-------- STUDY MATERIAL --------
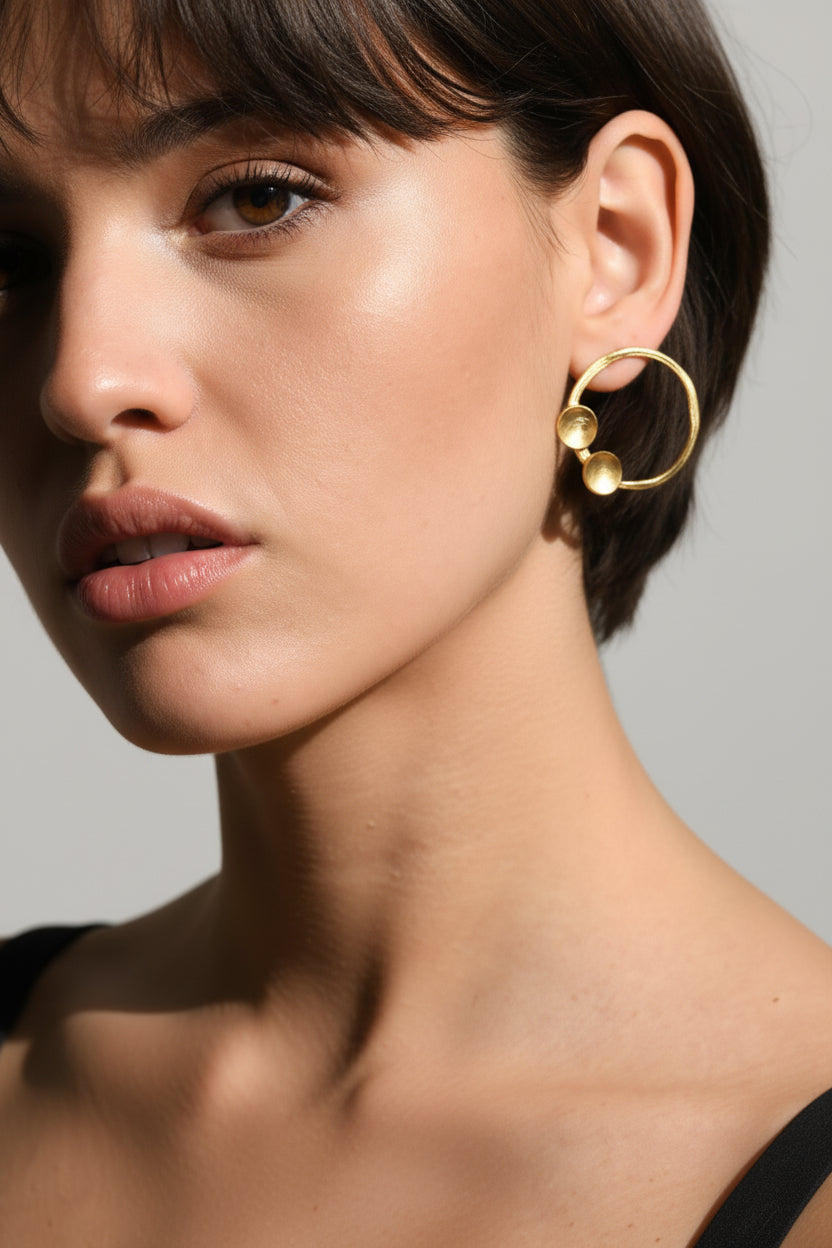 Woman wearing sculptural minimalist gold hoop earrings, close-up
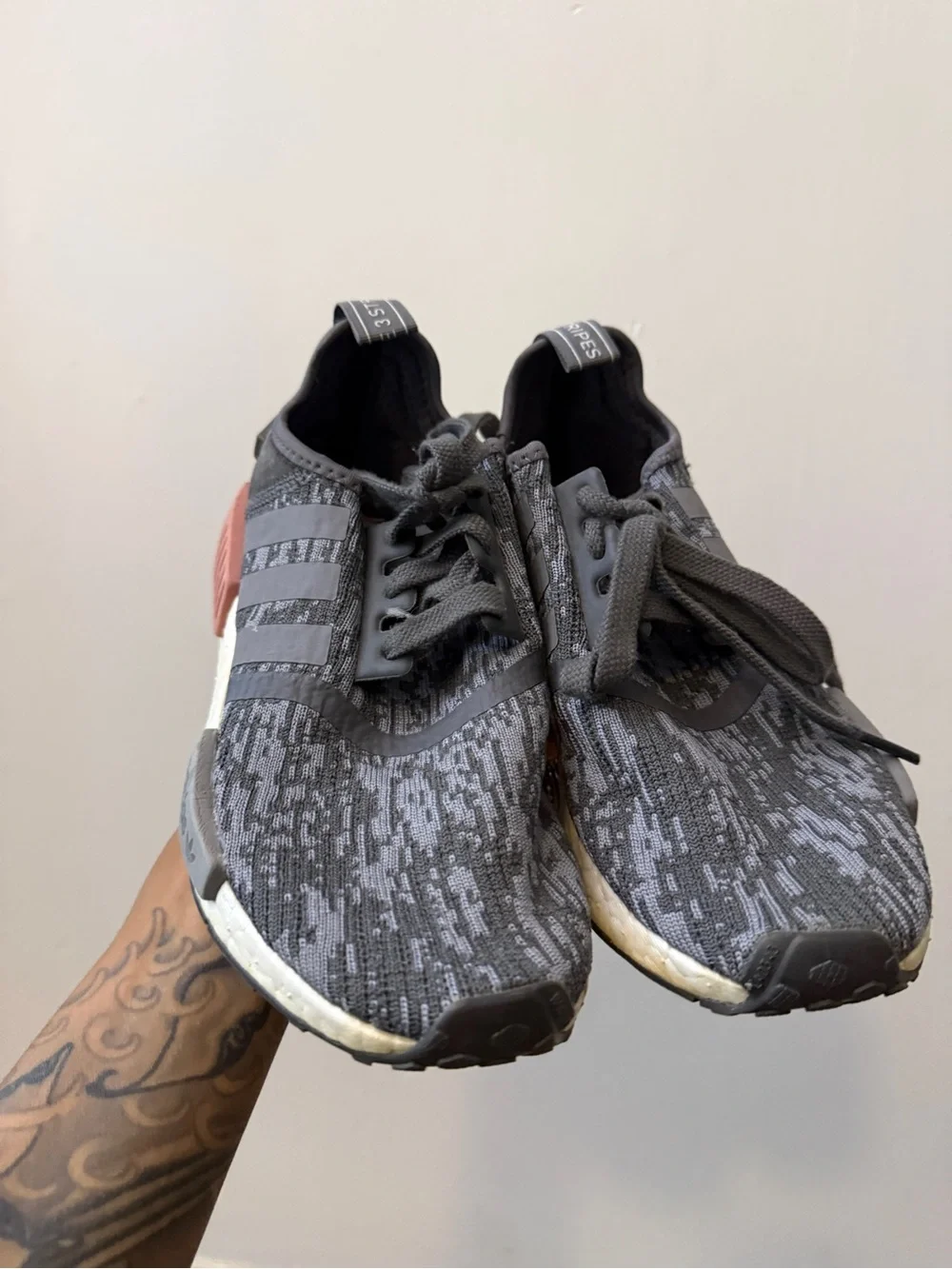 adidas Women’s Black/Grey Knit NMD_R1 Sneakers with Rose Accent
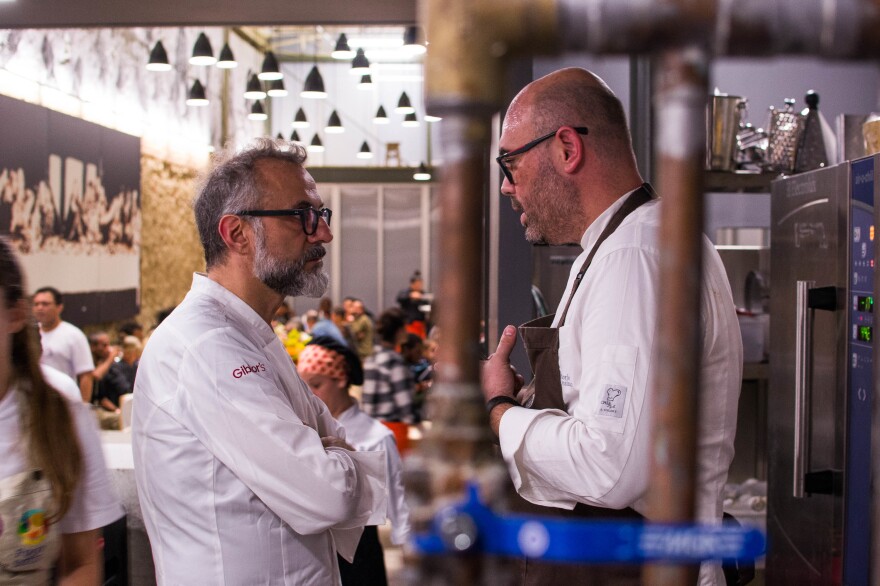 Chefs Massimo Bottura and Carlos Garcia talk in the kitchen during the dinner service.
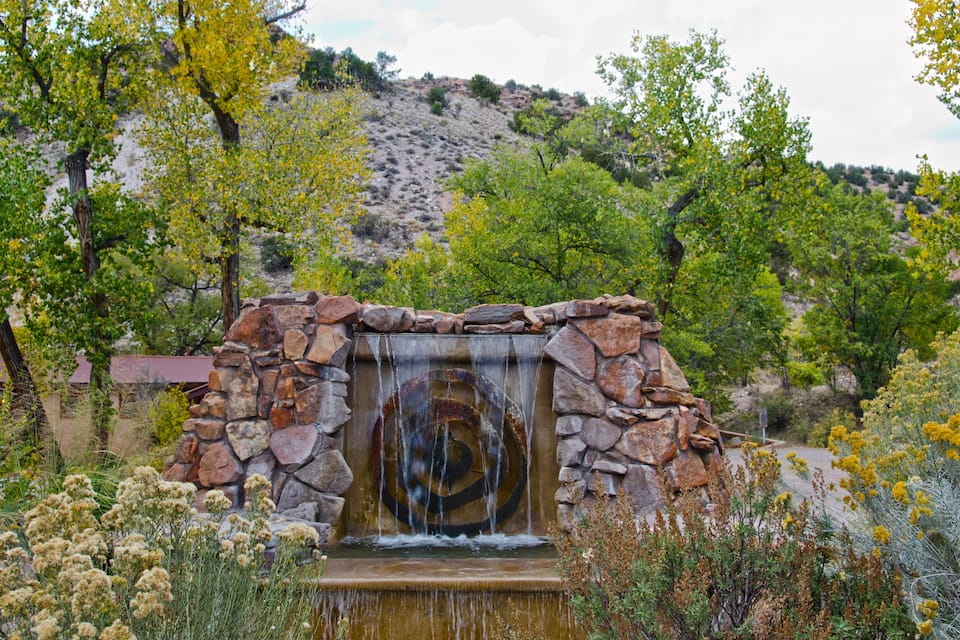 A rustic stone waterfall in a natural setting with surrounding vegetation and a hillside in the background.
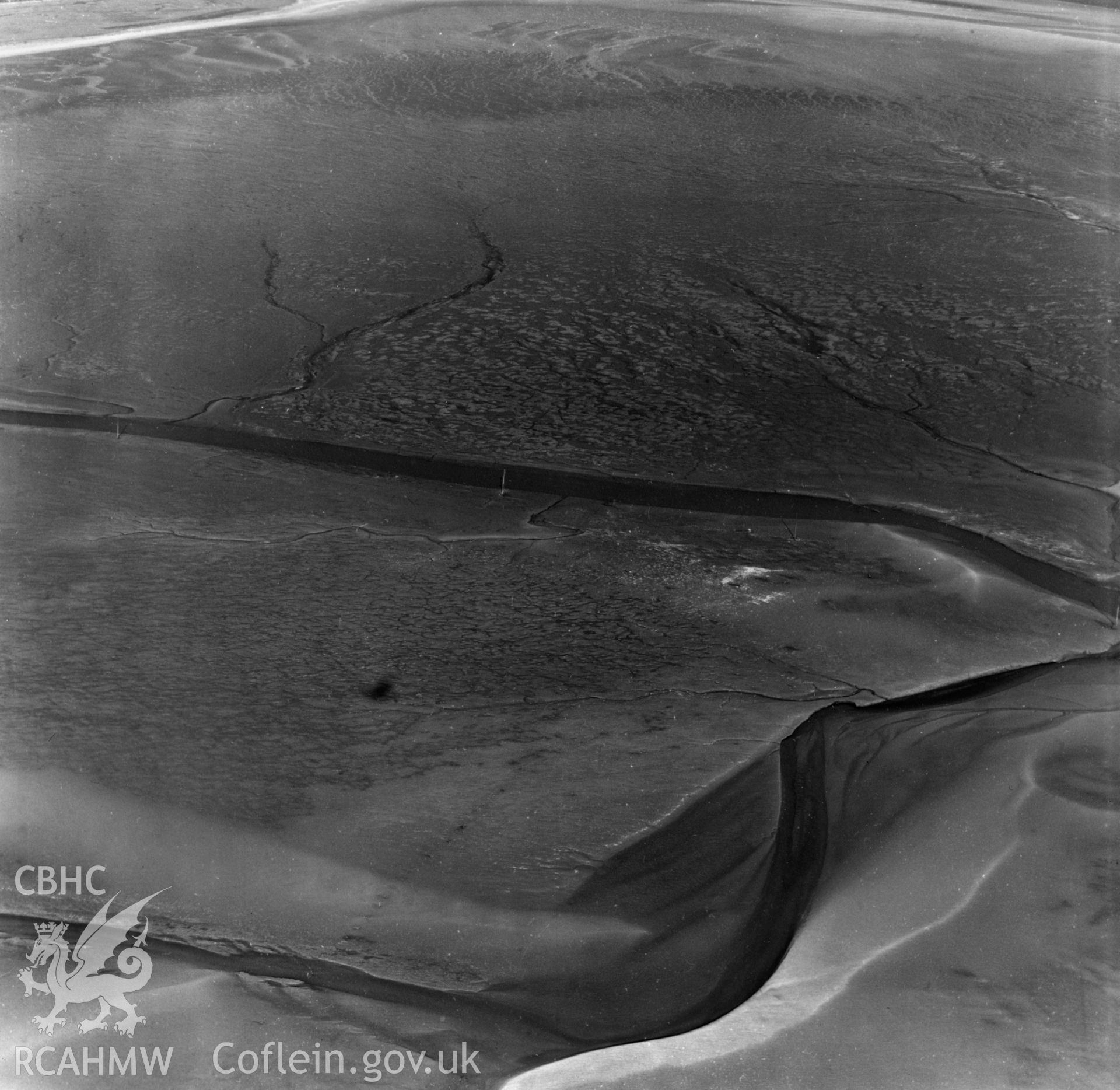 View of mudflats at Point of Ayr. Oblique aerial photograph, 5?" cut roll film.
--------
**PROBLEM TO WORK ON:**
Starting with the line that holds "adidas Women’s Black/Grey", return each line exactly through the final line of the entries above; pictures are not part of the output.

**ANSWER BELOW:**
 adidas Women’s Black/Grey Knit NMD_R1 Sneakers with Rose Accent
 Chefs Massimo Bottura and Carlos Garcia talk in the kitchen during the dinner service.
 A rustic stone waterfall in a natural setting with surrounding vegetation and a hillside in the background.
 View of mudflats at Point of Ayr. Oblique aerial photograph, 5?" cut roll film.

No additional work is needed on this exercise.